Tobacco is the leading cause of preventable deaths worldwide, and thus a gigantic public-health issue, in developed and (especially) developing countries alike. According to the World Health Organization, smoking kills about half of those who do it, claiming around 6 million lives a year.
Which brings us to some good news from Down Under. As Aamna Mohdin reports at Quartz, Australia’s latest innovation in bringing down smoking is yielding some solid results.
Five years ago, the nation became the first to force tobacco manufacturers to use standardized, unbranded packaging with a centerpiece of disgusting health warnings. According to a new study in Addictive Behaviors Reports, it’s working, as indicated by surveys of 178 smokers just before and seven months after branded packaging was kiboshed.
The branding, the team of Australian National University and University of Queensland psychologists reason, was one thing keeping people smoking even though public-health policies had pushed for the “denormalisation” of breathing toxic chemicals into your lungs. (As in: making smokers no longer seem cool, but gross.)

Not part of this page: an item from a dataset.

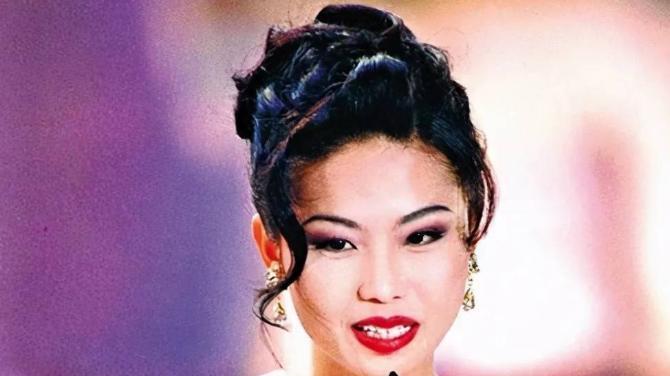 和黑帮大哥谈恋爱，小三上位却与原配亲如姐妹，陈妙瑛今身家上亿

Like so much else these days, it’s a matter of identity politics.
Branding allowed users “to identify not (just) as a smoker, but as a smoker of a particular brand,” the authors write. “Doing so deflects the negative connotations of the superordinate category (dirty etc.) and may help to define the self with more positive content (e.g. ‘Winboro Woman’ can be sassy, independent and minty fresh).” After the ban, the surveyed smokers were less likely to identify with a given brand and more likely to try to quit.
All this falls in line with Oz’s nationwide smoking decline, Mohdin notes: 19.4 percent of the country smoked 34 months before the package reform hit, and that was down to 17.2 percent 34 months afterward. Branding matters.